### Activity
Return each line of the records below in which the string "Gold" turns up.

### The records
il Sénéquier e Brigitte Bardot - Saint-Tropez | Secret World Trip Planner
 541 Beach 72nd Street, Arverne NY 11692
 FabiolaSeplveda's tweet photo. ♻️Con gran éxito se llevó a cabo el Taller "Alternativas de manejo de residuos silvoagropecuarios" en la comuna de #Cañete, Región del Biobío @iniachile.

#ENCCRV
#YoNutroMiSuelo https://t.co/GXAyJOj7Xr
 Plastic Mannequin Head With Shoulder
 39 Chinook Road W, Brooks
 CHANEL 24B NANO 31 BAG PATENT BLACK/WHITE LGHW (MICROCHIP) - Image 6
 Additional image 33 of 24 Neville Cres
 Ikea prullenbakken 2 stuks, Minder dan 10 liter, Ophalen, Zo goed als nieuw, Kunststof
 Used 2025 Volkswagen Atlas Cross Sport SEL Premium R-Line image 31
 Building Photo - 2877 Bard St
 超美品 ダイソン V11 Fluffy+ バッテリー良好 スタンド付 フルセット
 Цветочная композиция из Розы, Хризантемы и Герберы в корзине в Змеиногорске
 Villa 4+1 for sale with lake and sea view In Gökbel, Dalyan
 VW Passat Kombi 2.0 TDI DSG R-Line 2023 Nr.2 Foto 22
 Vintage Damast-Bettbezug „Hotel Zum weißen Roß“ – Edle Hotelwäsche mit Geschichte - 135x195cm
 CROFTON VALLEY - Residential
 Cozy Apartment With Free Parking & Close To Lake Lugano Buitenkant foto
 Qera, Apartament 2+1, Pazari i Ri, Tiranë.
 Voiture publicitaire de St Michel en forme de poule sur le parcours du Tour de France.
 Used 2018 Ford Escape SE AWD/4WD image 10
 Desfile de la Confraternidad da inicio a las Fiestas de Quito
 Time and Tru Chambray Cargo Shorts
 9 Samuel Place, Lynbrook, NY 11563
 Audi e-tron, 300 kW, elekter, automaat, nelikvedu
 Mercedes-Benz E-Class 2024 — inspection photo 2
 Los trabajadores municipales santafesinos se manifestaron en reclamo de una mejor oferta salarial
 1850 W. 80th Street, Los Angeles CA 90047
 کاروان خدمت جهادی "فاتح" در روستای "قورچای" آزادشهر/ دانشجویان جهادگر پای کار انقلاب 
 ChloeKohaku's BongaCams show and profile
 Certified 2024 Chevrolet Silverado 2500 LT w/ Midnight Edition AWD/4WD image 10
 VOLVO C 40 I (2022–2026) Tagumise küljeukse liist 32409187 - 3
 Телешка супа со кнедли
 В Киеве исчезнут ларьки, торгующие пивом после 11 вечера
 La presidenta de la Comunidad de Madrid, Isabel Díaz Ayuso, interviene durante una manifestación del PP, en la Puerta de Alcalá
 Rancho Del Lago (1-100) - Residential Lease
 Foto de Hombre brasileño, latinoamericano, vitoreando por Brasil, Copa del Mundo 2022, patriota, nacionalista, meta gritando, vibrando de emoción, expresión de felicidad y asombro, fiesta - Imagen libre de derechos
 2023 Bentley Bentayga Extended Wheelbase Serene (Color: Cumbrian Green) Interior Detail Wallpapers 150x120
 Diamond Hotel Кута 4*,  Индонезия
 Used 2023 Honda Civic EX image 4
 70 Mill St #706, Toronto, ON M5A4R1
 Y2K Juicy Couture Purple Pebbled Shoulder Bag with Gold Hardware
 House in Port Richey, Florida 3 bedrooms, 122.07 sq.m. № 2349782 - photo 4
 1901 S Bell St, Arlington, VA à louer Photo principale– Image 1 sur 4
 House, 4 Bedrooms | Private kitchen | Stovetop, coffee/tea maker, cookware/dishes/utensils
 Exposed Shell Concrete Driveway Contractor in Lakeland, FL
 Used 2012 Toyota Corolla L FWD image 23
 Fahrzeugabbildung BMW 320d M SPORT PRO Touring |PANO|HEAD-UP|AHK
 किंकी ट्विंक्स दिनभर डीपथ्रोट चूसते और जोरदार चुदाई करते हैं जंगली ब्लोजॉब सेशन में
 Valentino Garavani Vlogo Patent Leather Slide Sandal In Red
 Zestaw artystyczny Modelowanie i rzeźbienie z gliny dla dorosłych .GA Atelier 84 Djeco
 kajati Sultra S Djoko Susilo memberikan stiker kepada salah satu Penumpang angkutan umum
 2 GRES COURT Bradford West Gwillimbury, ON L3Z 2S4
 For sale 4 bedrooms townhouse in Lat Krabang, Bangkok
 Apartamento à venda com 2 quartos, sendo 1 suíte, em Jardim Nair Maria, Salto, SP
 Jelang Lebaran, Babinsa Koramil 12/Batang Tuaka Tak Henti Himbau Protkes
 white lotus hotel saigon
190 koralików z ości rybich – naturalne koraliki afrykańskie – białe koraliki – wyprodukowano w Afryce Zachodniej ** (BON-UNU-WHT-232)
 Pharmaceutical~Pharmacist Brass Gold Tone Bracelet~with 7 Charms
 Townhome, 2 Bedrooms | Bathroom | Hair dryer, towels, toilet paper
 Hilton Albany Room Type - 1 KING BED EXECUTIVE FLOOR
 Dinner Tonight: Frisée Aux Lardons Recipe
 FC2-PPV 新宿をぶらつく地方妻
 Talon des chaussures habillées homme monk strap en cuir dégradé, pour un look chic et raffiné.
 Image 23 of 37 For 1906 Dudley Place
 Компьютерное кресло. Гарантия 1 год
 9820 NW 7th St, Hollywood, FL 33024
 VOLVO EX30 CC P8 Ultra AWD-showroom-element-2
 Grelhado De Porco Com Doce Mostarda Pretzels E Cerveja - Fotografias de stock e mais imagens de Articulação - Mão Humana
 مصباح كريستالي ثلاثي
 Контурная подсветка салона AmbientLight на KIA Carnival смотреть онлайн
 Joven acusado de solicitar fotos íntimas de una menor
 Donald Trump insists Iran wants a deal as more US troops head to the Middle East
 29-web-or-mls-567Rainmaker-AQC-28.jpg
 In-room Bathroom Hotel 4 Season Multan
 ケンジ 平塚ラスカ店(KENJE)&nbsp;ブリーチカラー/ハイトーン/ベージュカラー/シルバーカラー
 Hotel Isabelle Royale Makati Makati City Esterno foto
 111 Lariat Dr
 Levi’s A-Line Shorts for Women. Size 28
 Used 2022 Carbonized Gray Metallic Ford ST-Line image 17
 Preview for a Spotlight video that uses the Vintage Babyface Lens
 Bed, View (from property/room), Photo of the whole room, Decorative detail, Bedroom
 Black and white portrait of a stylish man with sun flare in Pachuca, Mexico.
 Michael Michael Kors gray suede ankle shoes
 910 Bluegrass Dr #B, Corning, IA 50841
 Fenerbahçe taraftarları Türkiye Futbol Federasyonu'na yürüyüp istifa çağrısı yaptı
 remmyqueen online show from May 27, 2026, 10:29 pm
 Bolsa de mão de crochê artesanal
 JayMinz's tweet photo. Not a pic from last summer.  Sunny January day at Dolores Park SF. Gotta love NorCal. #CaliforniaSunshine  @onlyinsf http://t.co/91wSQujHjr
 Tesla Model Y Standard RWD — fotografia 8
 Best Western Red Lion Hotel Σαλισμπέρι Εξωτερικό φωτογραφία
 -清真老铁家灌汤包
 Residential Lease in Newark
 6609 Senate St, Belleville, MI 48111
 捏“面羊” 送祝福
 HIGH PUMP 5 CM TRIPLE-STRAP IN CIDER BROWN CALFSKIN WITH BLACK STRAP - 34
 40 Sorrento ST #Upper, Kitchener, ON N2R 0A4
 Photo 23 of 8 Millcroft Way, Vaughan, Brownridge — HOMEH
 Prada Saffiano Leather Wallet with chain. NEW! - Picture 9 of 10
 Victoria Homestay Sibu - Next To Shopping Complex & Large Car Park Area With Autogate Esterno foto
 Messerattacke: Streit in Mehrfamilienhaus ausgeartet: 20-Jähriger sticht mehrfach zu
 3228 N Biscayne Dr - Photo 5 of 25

### Answer to this task
 Y2K Juicy Couture Purple Pebbled Shoulder Bag with Gold Hardware
 Pharmaceutical~Pharmacist Brass Gold Tone Bracelet~with 7 Charms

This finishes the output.